### Dataset records:
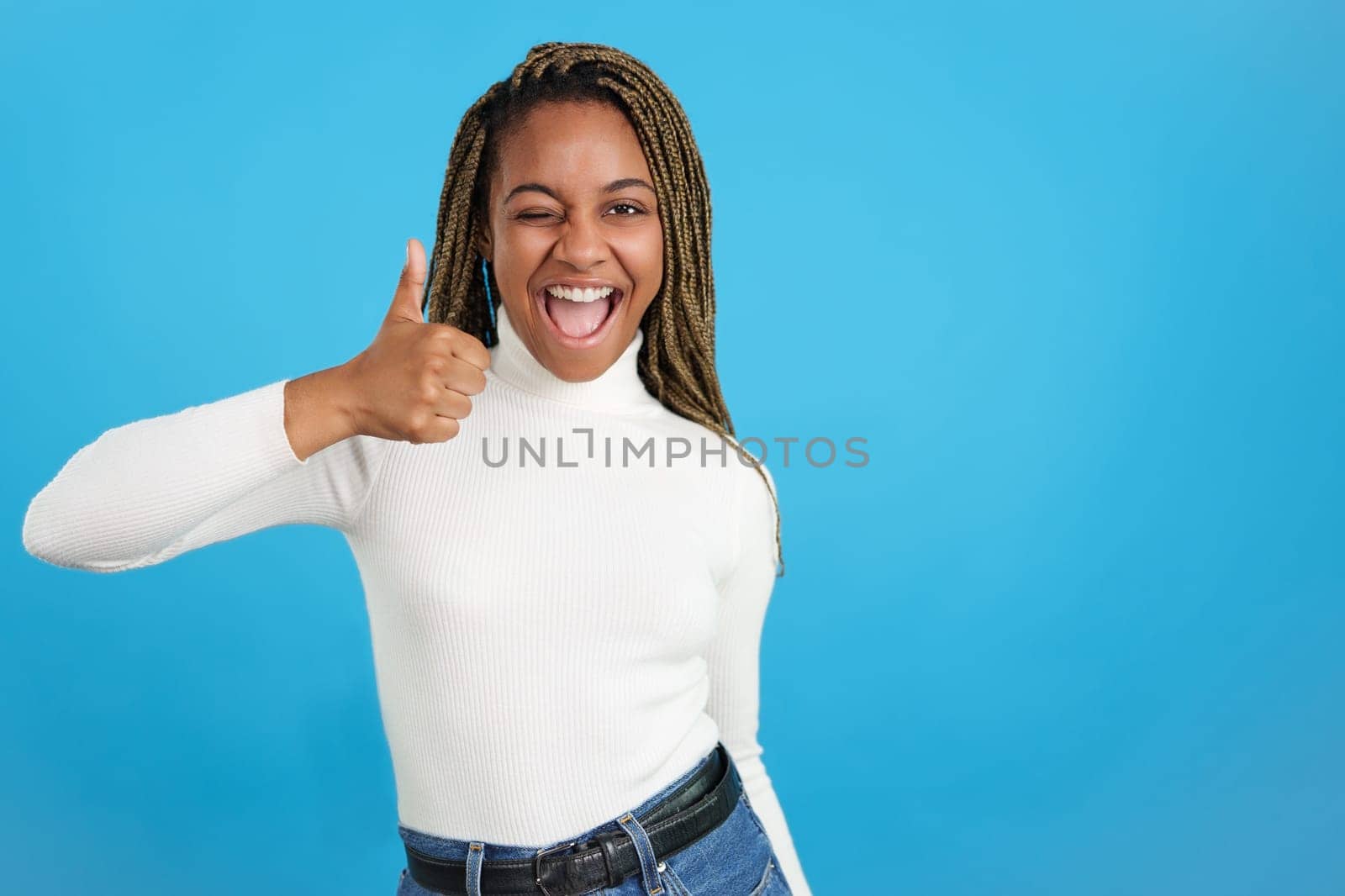 African woman winking as gesturing positively with the thumb up by ivanmoreno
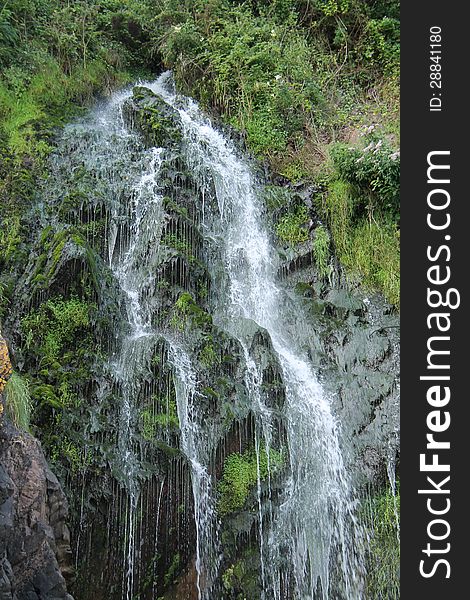 A Waterfall Falling Down a Coastal Cliff. A Waterfall Falling Down a Coastal Cliff.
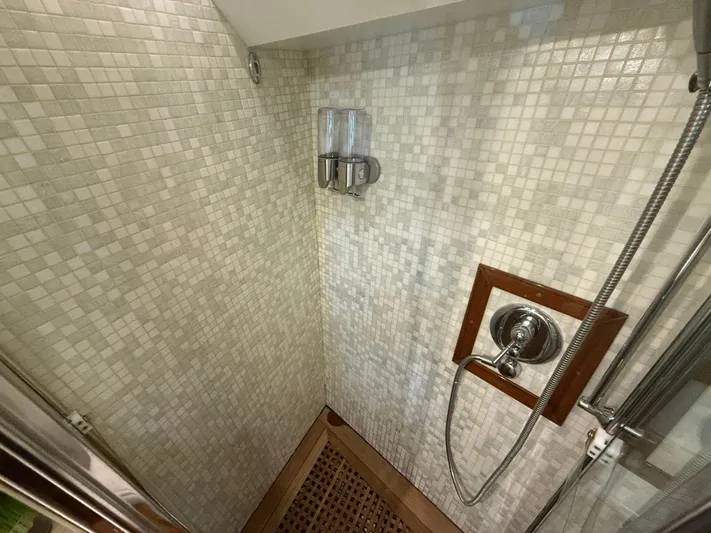  Yacht Photos Pics Shower area in 2011 Apreamare 65 MAESTRO yacht with mosaic tiles and wooden floor mat.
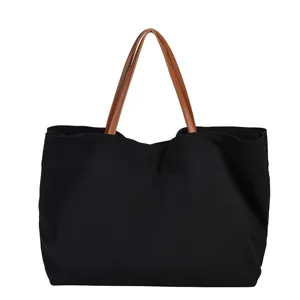 Large capacity canvas tote bag for women, casual commuting shoulder handbag and student bag.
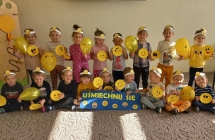 Usmiechniete dzieci z emotkami i zoltymi balonami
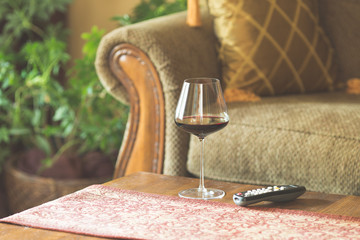 A glass of red wine on a coffee table with tv remote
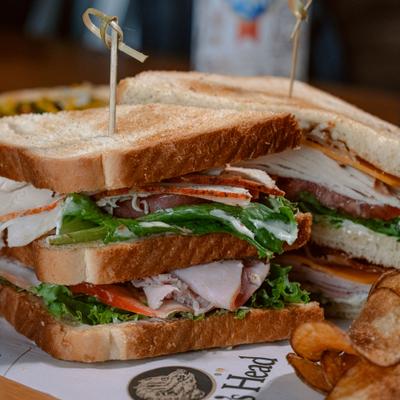 Stacked turkey sandwich with lettuce, tomato, and chips on the side.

### WHAT IS REQUIRED:
The lines from the one containing "Yacht Photos Pics" through the final line of the data are to be repeated exactly, with both ends included and all pictures left out.

### EXPECTED ANSWER:
  Yacht Photos Pics Shower area in 2011 Apreamare 65 MAESTRO yacht with mosaic tiles and wooden floor mat.
 Large capacity canvas tote bag for women, casual commuting shoulder handbag and student bag.
 Usmiechniete dzieci z emotkami i zoltymi balonami
 A glass of red wine on a coffee table with tv remote
 Stacked turkey sandwich with lettuce, tomato, and chips on the side.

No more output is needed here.